Classified as a heritage structure, it  is not barricaded/ fenced, so, it has become a hangout for the drunks and anti-social characters who cause problems for the locals, according to residents in the village. More than 171 years old, due to lack of maintenance and vagaries of climatic changes, this building, which would have been a grandeur one in the past, is in ruins with missing doors and damaged wall - a good example of a fine building fallen from grace.  As the building is wilting under aging and crumpling fast. many heritage enthusiasts like one Mohan Hariharan, an architect and a native of Arni,  started a ‘Save Arni Palace’ campaign. 

During the colonial time, this palace owners  hosted many British officials who used to  come here for hunting  foxes and hogs.
It is a one story red bricked building with a tall tower in the middle and loft for pigeons. It is a rare building provided with  chimneys for fire places.
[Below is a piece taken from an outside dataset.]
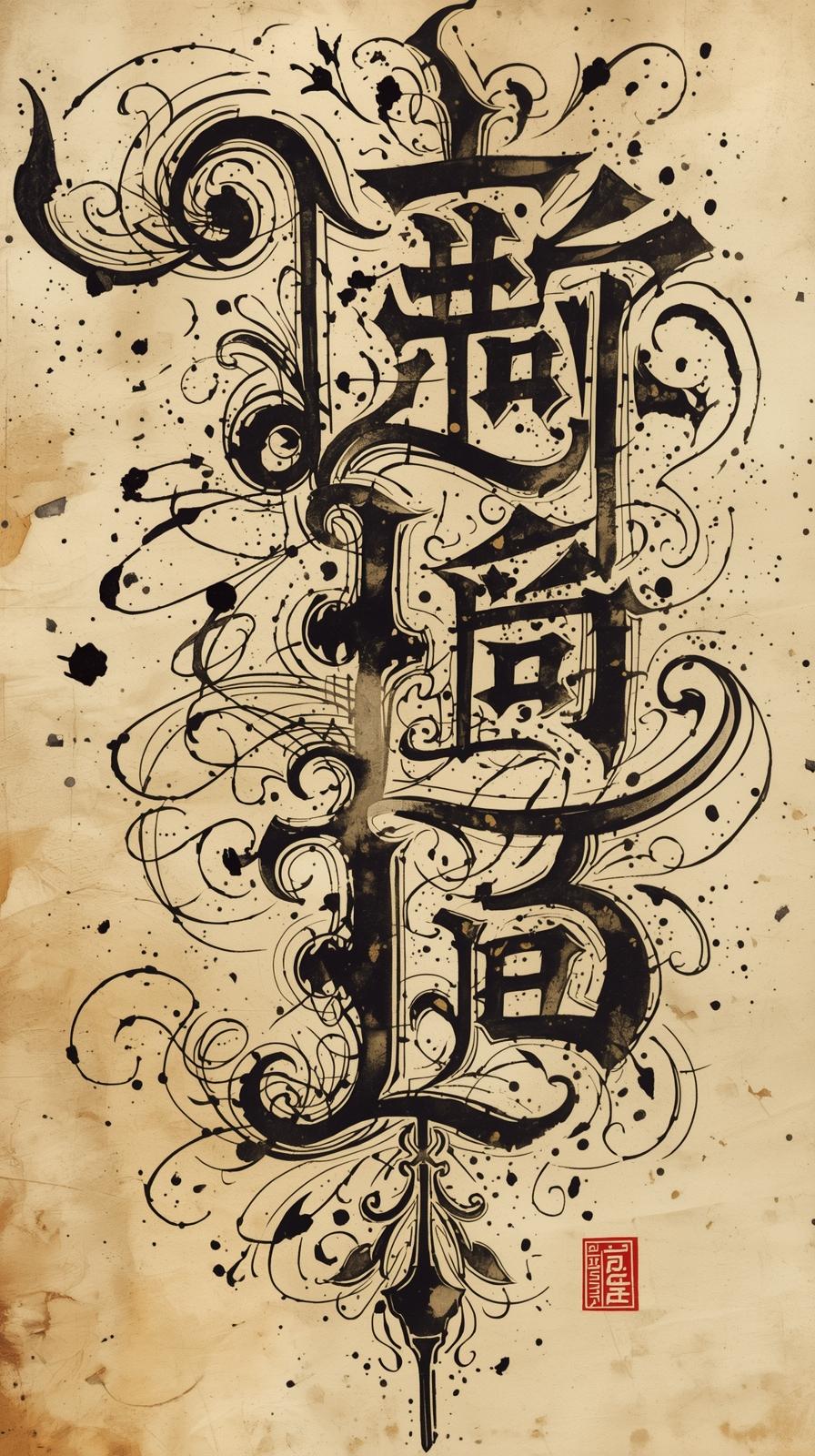 Calligraphy FInk Splatters And Nib Markslourishes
Being in a tropical place there is no need for fire  places  in this part of Arcot territory which is known for hot and humid climate.  There are  spacious  rooms on the first and second floors.

The head of the jagir was keen to have a residence built in European style. Some windows, porch and entrance are arched giving it a European style.  The Madras  ceiling used here does not have wooden rafters.  Instead rafters are made  with steel joists and brick jelly (Joists  are open web lightweight steel trusses consisting of parallel chords and a triangulated web system; advantages are low maintenance and can be salvaged), lime concrete. The spiral type staircase  is an attractive one,  apart there are  broad kitchens and dining room. Many old residents say that in the palace the interior walls were so polished they would glow like glass. hence it was locally  called  ‘glass castle’.

The  residents of this place and also the Panchayat president are keen to see the bungalow restored  back to  old glory soon and as there is  potential to convert it  into a nice tourists spot. To maintain  authenticity, it will be nice if the conservation engineers strictly follow the old construction techniques and  source matching construction materials.